=== Begin Enclosure ===
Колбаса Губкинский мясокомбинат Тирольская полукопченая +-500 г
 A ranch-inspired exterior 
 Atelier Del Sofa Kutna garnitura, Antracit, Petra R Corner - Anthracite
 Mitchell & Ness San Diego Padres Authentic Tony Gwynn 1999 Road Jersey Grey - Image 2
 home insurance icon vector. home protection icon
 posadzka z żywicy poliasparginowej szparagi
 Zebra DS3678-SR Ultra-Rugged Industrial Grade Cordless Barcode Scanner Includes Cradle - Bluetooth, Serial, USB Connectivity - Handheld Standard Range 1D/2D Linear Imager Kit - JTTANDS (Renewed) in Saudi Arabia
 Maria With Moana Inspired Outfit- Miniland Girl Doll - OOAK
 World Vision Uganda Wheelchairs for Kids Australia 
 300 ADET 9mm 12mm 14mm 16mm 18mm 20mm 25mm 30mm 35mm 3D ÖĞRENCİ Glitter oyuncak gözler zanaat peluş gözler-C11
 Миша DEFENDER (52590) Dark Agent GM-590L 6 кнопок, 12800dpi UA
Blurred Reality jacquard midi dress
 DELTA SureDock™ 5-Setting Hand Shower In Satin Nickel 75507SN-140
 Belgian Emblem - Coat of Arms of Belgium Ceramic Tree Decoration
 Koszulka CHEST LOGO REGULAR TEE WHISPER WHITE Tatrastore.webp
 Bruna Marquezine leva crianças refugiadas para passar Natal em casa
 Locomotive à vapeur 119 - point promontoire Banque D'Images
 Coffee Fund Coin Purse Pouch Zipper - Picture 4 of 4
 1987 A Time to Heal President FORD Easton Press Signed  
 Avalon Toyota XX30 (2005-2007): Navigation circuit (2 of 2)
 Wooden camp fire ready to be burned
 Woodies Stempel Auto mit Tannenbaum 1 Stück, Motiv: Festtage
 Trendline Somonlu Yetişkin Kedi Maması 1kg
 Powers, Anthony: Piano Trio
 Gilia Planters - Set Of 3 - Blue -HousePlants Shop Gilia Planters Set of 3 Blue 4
=== End Enclosure ===
What the task requires: Take the lines from the one containing "Powers, Anthony: Piano Trio" through the final line of the entries above, and set them down exactly, with nothing added.

Written response:
 Powers, Anthony: Piano Trio
 Gilia Planters - Set Of 3 - Blue -HousePlants Shop Gilia Planters Set of 3 Blue 4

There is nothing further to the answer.